Pendant ce temps, à quelques centaines de kilomètres, les Ukrainiens perfectionnaient DELTA, leur propre système de gestion du champ de bataille, testé avec succès devant les représentants de l’OTAN en juillet 2024. Deux visions, deux architectures, deux manières de penser la guerre numérique. Entre ces lignes de code et ces interfaces se dessine une course technologique dont l’issue pourrait redéfinir les rapports de force bien au-delà du front ukrainien.
Une Interface Née du Terrain
ASTRAS n’est pas un système tombé du ciel. Derrière cette plateforme se cache une réalité plus prosaïque : l’usage massif, depuis 2024, de Discord par certaines unités russes en Ukraine. Le 80e bataillon de reconnaissance « Sparta » a ouvert la voie, adoptant l’application civile pour coordonner ses opérations. Une pratique qui soulève autant de questions qu’elle n’apporte de solutions.
Discord permet de créer des canaux textuels, vocaux et vidéo avec une latence faible. Sur un champ de bataille fragmenté, où les unités opèrent dispersées et les hiérarchies traditionnelles peinent à suivre le rythme, cette modularité devient un atout. ASTRAS semble avoir repris cette architecture en y greffant des fonctionnalités militaires : flux vidéo de drones en temps réel, carte tactique interactive, communications sécurisées. L’interface visible sur les photos de Hardie montre trois sections distinctes. En haut, des flux provenant probablement de drones Orlan-10, ces plateformes de reconnaissance russes qui transmettent vidéos et images haute résolution. Au centre, une carte numérique où apparaissent positions amies et ennemies. Sur le côté, une messagerie et des outils de coordination.
Techniquement, ce type d’intégration nécessite une compatibilité avec les systèmes existants. Les drones Orlan-10 utilisent des fréquences complexes ( 850-930 MHz pour le contrôle, 3-4 et 8 GHz pour la vidéo ) et s’appuient sur la constellation GLONASS pour la navigation. Les flux vidéo doivent être acheminés en temps réel vers les postes de commandement, traités, puis affichés sur une interface unifiée. C’est là qu’interviennent probablement des systèmes comme Glaz-Groza, cette plateforme russe de coordination entre reconnaissance et frappe, qui transforme les données brutes en cibles exploitables.
Glaz-Groza fonctionne comme une carte géoréférencée où les opérateurs peuvent rapidement transmettre les coordonnées d’une cible aux unités d’artillerie. Le système intègre une bibliothèque de données balistiques pour tous les systèmes d’artillerie russes, permettant de verrouiller une cible en 2 à 4 minutes. Selon certains rapports, cette intégration aurait accru l’efficacité des tirs de 50%. Si ASTRAS parvient à fusionner ces outils dans une seule interface, le gain opérationnel serait considérable.

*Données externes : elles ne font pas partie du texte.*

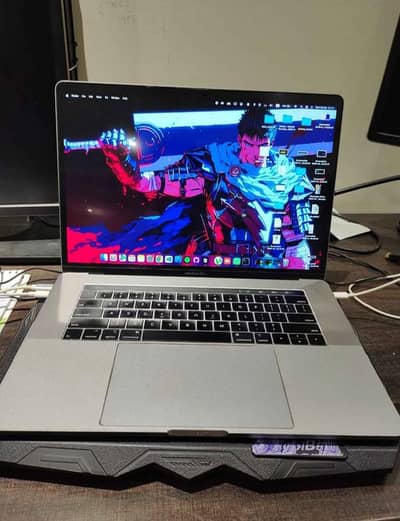 Macbook pro 2019 core i9 32GB Ram 500GB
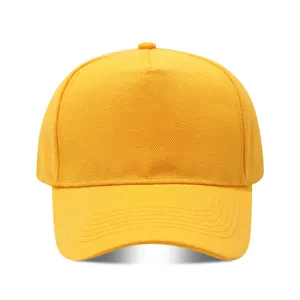 Gorra de béisbol amarilla lisa de 5 paneles, ideal para bordado personalizado e impresión de logo.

Mais cette inspiration civile porte en elle des faiblesses. Discord n’a jamais été pensé pour résister aux cyberattaques militaires. Les algorithmes sous-jacents, les protocoles de communication, tout cela a été conçu pour des utilisateurs civils, pas pour un environnement hostile où chaque transmission peut être interceptée, brouillée ou compromise. Si la Russie n’a pas entièrement réécrit le code – et rien ne prouve qu’elle l’ait fait – ASTRAS pourrait hériter de vulnérabilités invisibles mais exploitables.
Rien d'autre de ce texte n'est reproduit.